## Exercise details
Go through the entries and set each one down exactly.

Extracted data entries
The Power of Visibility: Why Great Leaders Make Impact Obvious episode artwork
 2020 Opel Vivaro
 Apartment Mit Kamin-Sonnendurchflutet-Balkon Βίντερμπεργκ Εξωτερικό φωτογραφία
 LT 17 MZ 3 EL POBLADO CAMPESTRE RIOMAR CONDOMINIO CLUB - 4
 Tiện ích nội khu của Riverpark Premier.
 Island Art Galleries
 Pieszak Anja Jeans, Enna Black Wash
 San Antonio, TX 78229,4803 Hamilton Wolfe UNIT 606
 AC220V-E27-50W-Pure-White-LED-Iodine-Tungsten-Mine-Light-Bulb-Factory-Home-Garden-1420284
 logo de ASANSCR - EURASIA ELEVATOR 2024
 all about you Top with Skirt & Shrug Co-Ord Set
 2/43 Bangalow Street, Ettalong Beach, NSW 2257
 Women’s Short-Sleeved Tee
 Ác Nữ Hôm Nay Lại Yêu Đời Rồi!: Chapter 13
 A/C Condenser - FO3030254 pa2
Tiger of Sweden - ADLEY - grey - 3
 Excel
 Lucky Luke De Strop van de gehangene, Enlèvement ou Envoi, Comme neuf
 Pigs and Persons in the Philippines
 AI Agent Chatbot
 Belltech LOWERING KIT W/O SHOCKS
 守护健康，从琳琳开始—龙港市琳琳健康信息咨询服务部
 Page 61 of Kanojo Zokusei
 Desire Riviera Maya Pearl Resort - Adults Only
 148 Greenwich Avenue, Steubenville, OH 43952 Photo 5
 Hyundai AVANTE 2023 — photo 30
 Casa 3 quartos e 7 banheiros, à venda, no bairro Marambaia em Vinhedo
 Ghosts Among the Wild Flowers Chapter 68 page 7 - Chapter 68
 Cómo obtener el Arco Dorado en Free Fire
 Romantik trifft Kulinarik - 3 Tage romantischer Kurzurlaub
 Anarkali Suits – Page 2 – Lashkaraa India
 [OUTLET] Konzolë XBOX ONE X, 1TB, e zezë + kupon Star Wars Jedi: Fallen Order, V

## Exercise solution
The Power of Visibility: Why Great Leaders Make Impact Obvious episode artwork
 2020 Opel Vivaro
 Apartment Mit Kamin-Sonnendurchflutet-Balkon Βίντερμπεργκ Εξωτερικό φωτογραφία
 LT 17 MZ 3 EL POBLADO CAMPESTRE RIOMAR CONDOMINIO CLUB - 4
 Tiện ích nội khu của Riverpark Premier.
 Island Art Galleries
 Pieszak Anja Jeans, Enna Black Wash
 San Antonio, TX 78229,4803 Hamilton Wolfe UNIT 606
 AC220V-E27-50W-Pure-White-LED-Iodine-Tungsten-Mine-Light-Bulb-Factory-Home-Garden-1420284
 logo de ASANSCR - EURASIA ELEVATOR 2024
 all about you Top with Skirt & Shrug Co-Ord Set
 2/43 Bangalow Street, Ettalong Beach, NSW 2257
 Women’s Short-Sleeved Tee
 Ác Nữ Hôm Nay Lại Yêu Đời Rồi!: Chapter 13
 A/C Condenser - FO3030254 pa2
Tiger of Sweden - ADLEY - grey - 3
 Excel
 Lucky Luke De Strop van de gehangene, Enlèvement ou Envoi, Comme neuf
 Pigs and Persons in the Philippines
 AI Agent Chatbot
 Belltech LOWERING KIT W/O SHOCKS
 守护健康，从琳琳开始—龙港市琳琳健康信息咨询服务部
 Page 61 of Kanojo Zokusei
 Desire Riviera Maya Pearl Resort - Adults Only
 148 Greenwich Avenue, Steubenville, OH 43952 Photo 5
 Hyundai AVANTE 2023 — photo 30
 Casa 3 quartos e 7 banheiros, à venda, no bairro Marambaia em Vinhedo
 Ghosts Among the Wild Flowers Chapter 68 page 7 - Chapter 68
 Cómo obtener el Arco Dorado en Free Fire
 Romantik trifft Kulinarik - 3 Tage romantischer Kurzurlaub
 Anarkali Suits – Page 2 – Lashkaraa India
 [OUTLET] Konzolë XBOX ONE X, 1TB, e zezë + kupon Star Wars Jedi: Fallen Order, V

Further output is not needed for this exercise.